Os Conselhos de Secretários Municipais – Conasems e Estaduais de Saúde – Conass afirmam que o Ministério não entregou todos os kits de testes e máquinas para automatizar a análise das amostras que havia prometido. “O contrato que permitia o fornecimento de insumos e equipamentos necessários para automatizar e agilizar a primeira fase do processamento das amostras foi cancelado pelo Ministério da Saúde”, destacou o Conass. “Há o compromisso da pasta de manter o abastecimento durante o período de três meses, contados a partir do cancelamento. É fundamental, porém, que uma nova contratação seja feita e a distribuição dos insumos seja retomada em tempo hábil”, completou.
Já o assessor técnico do Conasems, Alessandro Chagas, diz que a dificuldade para processar amostras, que pode exigir envio do material a outro Estado, desestimula a fazer testes. “O que causa estranheza é esse estoque parado enquanto temos dificuldade de levar a coleta para a atenção básica”, diz.

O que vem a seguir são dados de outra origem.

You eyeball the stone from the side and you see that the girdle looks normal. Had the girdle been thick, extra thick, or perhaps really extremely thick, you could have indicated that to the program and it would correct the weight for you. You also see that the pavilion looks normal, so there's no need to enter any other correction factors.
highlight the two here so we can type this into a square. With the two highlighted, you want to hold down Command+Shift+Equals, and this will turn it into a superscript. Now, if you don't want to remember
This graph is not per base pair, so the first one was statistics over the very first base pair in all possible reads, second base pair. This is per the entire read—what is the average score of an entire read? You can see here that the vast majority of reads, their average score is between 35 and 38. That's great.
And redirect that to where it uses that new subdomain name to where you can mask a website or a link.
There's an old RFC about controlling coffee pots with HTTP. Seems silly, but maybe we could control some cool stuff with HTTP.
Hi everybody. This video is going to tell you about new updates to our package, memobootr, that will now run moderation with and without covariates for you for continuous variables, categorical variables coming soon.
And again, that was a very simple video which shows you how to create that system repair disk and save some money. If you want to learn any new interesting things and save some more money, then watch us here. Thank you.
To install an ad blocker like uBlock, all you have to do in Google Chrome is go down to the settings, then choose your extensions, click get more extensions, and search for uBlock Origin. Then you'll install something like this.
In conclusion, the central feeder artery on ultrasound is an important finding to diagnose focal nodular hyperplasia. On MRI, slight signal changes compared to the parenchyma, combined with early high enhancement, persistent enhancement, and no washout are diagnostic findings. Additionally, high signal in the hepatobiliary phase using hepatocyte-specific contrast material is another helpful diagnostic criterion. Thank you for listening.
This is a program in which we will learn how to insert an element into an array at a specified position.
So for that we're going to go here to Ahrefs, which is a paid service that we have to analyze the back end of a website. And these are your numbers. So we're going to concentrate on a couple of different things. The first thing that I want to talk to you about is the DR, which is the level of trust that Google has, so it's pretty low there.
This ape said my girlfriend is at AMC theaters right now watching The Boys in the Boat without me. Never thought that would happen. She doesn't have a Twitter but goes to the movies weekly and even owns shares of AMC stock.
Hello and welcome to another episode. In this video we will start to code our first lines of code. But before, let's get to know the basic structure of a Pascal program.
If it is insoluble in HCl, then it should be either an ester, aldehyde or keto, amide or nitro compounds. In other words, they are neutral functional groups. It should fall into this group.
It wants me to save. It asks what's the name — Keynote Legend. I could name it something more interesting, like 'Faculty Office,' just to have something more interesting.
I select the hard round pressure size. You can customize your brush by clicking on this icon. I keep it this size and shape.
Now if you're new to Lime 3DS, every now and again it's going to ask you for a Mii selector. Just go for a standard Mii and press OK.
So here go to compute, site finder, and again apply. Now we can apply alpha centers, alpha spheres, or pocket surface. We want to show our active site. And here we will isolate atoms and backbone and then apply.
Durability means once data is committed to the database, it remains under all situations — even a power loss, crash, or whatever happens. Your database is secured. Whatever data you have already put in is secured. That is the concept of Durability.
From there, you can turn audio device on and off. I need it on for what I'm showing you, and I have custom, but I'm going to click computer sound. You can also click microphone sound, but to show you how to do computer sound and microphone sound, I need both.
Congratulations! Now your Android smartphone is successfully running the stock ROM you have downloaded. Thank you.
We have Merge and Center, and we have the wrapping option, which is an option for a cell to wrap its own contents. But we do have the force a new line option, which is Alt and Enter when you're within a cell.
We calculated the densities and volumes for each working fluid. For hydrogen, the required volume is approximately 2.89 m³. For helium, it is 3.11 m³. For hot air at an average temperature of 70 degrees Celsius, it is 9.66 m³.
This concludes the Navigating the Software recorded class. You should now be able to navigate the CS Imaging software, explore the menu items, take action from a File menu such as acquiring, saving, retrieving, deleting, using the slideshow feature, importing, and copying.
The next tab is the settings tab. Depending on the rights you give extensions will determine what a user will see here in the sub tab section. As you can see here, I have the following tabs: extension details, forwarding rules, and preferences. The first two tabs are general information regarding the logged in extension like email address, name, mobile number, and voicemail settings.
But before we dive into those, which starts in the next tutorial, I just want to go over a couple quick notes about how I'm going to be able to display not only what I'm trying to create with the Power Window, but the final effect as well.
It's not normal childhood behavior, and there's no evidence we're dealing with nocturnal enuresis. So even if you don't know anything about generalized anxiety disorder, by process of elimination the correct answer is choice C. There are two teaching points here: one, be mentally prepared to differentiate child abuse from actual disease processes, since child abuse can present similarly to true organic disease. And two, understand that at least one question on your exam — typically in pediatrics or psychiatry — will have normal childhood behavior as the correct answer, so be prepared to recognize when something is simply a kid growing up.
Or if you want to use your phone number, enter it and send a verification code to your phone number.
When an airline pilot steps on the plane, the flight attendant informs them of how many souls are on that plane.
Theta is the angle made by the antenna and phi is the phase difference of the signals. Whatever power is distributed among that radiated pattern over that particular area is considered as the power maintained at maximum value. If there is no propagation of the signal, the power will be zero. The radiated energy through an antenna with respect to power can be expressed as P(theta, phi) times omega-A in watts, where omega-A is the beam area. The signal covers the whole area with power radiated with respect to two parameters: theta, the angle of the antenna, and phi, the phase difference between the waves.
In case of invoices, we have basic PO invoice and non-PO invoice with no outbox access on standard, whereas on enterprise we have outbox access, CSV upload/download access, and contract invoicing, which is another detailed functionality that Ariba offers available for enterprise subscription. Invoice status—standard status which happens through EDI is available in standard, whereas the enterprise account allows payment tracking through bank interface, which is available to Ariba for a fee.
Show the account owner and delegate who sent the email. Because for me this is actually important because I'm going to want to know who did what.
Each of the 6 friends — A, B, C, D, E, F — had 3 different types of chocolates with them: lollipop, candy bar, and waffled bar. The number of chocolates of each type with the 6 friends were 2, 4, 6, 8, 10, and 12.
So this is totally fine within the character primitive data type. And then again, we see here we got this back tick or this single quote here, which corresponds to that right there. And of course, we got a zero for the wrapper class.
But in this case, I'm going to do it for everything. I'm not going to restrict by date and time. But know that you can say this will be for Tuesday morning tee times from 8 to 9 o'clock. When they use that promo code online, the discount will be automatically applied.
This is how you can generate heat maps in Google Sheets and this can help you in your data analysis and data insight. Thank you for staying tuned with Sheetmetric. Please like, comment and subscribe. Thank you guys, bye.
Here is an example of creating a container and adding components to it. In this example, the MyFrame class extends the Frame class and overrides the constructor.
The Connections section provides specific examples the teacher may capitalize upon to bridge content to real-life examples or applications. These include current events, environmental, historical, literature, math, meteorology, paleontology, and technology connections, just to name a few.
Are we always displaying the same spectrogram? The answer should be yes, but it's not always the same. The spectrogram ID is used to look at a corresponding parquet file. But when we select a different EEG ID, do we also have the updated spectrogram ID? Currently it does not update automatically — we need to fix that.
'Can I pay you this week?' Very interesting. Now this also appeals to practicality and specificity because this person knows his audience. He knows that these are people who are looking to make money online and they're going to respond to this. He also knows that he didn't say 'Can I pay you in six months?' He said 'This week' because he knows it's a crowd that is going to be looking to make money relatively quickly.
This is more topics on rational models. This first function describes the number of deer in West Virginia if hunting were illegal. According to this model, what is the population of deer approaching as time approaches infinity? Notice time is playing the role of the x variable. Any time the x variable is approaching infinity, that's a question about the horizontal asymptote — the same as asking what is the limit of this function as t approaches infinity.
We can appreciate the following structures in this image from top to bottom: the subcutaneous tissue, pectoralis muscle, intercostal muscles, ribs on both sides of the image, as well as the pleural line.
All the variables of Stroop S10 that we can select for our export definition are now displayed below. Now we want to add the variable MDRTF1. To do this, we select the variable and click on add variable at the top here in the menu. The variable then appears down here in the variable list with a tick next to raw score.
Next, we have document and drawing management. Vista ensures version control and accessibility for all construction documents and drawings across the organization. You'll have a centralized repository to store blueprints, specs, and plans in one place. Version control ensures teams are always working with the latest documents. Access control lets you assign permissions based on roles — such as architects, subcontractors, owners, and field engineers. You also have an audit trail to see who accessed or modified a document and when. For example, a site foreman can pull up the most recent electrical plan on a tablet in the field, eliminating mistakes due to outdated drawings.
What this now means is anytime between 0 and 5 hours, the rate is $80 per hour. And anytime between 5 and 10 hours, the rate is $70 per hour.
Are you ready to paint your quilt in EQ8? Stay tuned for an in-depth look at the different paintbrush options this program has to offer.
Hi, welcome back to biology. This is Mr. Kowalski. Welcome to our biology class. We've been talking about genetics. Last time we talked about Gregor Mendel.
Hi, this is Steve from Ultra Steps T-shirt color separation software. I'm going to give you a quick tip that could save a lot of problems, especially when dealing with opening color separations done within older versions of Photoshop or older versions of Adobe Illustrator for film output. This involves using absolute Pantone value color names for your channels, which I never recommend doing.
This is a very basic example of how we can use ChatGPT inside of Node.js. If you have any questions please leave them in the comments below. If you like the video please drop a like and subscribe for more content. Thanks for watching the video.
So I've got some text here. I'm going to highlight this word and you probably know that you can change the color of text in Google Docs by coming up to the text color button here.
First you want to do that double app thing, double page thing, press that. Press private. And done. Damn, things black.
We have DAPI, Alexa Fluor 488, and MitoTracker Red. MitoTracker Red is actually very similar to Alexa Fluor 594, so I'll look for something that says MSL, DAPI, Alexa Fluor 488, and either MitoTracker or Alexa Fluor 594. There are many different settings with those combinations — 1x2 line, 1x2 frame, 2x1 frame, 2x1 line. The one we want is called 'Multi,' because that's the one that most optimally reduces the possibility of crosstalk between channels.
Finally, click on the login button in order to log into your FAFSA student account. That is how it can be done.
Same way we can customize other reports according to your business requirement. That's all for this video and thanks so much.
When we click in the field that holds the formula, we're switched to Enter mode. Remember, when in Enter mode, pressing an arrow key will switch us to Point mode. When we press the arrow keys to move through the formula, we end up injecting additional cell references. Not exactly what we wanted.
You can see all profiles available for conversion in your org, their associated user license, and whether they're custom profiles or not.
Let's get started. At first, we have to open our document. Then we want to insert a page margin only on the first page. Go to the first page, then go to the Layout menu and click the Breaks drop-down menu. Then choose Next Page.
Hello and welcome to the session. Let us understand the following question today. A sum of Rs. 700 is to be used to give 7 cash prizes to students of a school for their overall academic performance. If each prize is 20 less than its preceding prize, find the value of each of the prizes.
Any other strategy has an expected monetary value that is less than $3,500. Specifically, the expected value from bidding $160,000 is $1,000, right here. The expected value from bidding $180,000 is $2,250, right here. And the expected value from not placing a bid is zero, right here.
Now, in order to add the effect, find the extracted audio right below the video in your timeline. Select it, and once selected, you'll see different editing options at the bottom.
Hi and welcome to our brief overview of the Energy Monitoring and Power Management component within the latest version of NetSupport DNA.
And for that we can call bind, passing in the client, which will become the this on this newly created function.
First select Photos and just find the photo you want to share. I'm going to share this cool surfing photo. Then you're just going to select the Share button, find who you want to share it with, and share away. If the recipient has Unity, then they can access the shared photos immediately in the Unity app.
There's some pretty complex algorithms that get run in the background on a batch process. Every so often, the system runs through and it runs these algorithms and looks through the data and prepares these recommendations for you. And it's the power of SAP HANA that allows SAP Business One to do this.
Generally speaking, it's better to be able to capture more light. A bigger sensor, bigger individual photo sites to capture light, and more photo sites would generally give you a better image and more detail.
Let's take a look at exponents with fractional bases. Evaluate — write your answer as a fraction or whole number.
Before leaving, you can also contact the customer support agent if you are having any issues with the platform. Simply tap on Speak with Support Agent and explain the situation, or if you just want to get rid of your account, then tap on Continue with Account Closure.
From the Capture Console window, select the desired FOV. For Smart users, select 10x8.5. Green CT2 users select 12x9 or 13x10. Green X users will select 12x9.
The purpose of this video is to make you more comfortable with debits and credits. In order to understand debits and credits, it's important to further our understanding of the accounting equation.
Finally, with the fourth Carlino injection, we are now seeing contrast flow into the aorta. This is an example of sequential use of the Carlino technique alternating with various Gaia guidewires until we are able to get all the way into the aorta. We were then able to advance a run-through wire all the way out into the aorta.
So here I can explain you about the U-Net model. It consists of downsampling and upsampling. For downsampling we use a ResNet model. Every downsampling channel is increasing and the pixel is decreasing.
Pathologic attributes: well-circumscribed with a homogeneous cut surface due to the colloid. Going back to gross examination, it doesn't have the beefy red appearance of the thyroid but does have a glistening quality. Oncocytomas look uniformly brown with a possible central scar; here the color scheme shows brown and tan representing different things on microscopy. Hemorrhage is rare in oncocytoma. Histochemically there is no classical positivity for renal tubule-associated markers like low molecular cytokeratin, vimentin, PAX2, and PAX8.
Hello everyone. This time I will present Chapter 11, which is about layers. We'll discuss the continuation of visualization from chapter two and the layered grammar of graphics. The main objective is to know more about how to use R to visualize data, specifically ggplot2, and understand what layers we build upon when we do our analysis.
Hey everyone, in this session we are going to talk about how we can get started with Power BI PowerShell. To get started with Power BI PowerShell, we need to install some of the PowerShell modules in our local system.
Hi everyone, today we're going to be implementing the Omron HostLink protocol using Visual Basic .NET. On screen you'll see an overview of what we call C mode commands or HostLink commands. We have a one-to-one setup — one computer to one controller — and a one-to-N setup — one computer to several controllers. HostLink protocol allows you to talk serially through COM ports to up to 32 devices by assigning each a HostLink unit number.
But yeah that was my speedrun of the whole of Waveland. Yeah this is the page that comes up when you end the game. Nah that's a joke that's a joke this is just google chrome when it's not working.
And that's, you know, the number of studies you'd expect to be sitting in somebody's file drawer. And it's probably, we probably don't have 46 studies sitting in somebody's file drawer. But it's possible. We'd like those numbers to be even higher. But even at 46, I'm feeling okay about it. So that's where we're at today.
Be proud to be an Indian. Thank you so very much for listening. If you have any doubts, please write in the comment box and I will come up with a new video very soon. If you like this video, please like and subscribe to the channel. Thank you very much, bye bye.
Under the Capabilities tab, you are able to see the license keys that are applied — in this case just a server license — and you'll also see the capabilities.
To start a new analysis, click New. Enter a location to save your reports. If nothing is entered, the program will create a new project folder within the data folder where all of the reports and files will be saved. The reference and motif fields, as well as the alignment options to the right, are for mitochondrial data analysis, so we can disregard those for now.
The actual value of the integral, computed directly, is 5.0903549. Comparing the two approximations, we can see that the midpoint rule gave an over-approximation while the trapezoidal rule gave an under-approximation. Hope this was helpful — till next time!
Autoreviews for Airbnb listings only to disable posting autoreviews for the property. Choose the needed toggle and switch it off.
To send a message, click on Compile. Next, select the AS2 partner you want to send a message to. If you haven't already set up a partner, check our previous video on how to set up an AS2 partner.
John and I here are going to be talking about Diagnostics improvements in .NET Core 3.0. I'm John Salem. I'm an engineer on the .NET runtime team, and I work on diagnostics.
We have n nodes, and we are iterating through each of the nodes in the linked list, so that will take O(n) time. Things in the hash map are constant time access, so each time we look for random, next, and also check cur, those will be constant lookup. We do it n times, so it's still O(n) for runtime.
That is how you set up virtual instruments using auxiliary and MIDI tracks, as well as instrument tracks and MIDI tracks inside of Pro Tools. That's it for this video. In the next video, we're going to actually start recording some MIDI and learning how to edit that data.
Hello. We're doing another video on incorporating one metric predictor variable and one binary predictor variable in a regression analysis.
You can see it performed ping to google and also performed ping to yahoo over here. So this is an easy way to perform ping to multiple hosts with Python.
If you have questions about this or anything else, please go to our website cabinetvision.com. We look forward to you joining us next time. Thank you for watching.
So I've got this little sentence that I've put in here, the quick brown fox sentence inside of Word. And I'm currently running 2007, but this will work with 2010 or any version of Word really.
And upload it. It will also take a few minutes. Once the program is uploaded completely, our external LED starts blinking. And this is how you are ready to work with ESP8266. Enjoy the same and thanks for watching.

Falha no armazenamento afeta resultado, aponta especialista – A preservação do teste de diagnóstico da Covid-19 exige cuidados especiais. Pequenas alterações de temperatura no armazenamento podem mudar o resultado do exame. “Quando o kit passa do vencimento, as enzimas podem perder sua eficiência. Para um contexto de diagnóstico, pode acabar levando a variações no resultado final”, afirma Mellanie Fontes-Dutra, pós-doutoranda em Bioquímica na Universidade Federal do Rio Grande do Sul – UFRGS. “Vejo com muita preocupação a possibilidade de estender os kits para além do prazo de validade”, afirma.
A pesquisadora pondera que seria positivo confirmar que os exames podem ser usados por mais tempo, desde que mantenham a qualidade. “Testamos muito pouco. Se der certo e não modificar a eficiência dos kits, pode ser bom”, disse.
Procurada, a Agência Nacional de Vigilância Sanitária – Anvisa não deu detalhes sobre como a validade do produto pode ser renovada, mas informou que a entrega de testes vencidos é uma infração sanitária.
O Ministério da Saúde disse que a Organização Pan-Americana da Saúde – Opas está realizando estudo “para verificar a estabilidade de utilização dos testes”. Os testes foram comprados pelo governo federal por meio da organização. O resultado da análise deve sair na próxima semana, diz o Ministério da Saúde. Questionado sobre o que fará para entregar os testes antes de vencer a validade, o ministério apenas declarou que distribui os exames a partir de demandas dos Estados.
Sob a gestão do general Eduardo Pazuello, o Ministério da Saúde tem sido alvo de críticas em meio à pandemia ao, por exemplo, não dar orientações claras sobre o benefício do distanciamento social, uso de equipamentos de proteção e outros cuidados básicos.
Na última quarta-feira, 18, Ministério da Saúde chegou a excluir do Twitter uma publicação que reconhecia não existir vacina ou medicamento contra a covid-19, além de orientar o uso de máscara e isolamento social. As orientações seguiam cartilhas de autoridades sanitárias e entidades médicas, mas chamaram a atenção nas redes sociais por se contrapor ao discurso do presidente Jair Bolsonaro, que já estimulou o uso de medicamentos sem eficácia comprovada contra o novo coronavírus, como a hidroxicloroquina.